= Berchtold of Engelberg =

Swiss German Benedictine monk

Berchtold of Engelberg, German Berchtold von Engelberg (died 3 November 1197) was a Swiss German Benedictine monk, who was Abbot of Engelberg Abbey in Switzerland.

==Biography==
Before becoming abbot he was a monk at Engelberg and a favorite disciple of the learned abbot, Frowin of Engelberg. When Frowin was on the point of dying he advised his monks to elect Berchtold as his successor. Accordingly, after Frowin's death, which occurred 27 March 1178, Berchtold was chosen abbot.

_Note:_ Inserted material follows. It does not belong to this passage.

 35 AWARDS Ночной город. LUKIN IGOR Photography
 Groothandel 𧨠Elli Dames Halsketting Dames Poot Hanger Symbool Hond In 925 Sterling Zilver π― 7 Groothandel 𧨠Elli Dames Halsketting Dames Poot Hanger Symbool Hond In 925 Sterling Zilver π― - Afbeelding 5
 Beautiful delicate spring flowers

Following in Frowin's footsteps, he was intent on maintaining strict monastic discipline, the importance of which he inculcated by his own example. He also ordered his monks to reproduce many old writings, some of which are still extant in the library of Engelberg. The more learned monks were encouraged to write original works.

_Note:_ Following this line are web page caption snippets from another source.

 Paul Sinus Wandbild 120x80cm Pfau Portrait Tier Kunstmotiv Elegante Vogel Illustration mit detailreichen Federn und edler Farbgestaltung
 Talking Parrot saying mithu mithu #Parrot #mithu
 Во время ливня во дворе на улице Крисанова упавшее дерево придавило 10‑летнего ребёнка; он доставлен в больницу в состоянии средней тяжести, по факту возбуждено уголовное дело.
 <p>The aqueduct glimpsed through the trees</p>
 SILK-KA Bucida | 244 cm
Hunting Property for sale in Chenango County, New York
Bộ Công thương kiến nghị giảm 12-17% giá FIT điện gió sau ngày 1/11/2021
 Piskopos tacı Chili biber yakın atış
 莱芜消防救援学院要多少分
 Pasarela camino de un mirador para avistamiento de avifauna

When Abbot Burchard openly taught that the souls of the just had gone to heaven before the Resurrection of Christ, Berchtold himself wrote Apologia contra errorem Burchardi Abbatis S. Joannis in Thurthal seu Vallis Taurinae. The work cites the Bible and Church Fathers to argue against Burchard's position. Burchard became convinced of his error and retracted his previous position.

Berchtold procured for his monastery many financial privileges, among which was the right to levy tithes upon the churches of Stanz and Buochs, which were under his jurisdiction. The contemporaneous annals of Engelberg, which are published in "Mon. Germ. Hist., SS.", XVII, 280, relate that Berchtold foretold the death of Emperor Frederick Barbarossa. Later chronicles state that, through his blessing, the lake near Stanzstad was stocked with fish, and that shortly before his death he three times changed water into wine. He is generally represented in the act of blessing fish. His miracle of turning water into wine is also mentioned in an epigram beneath a representation of him which was kept in the choir of Engelberg up to the seventeenth century. At Engelberg his feast is celebrated on the anniversary of his death, and within the Roman Catholic Church he is now also known as "Blessed Berchtold".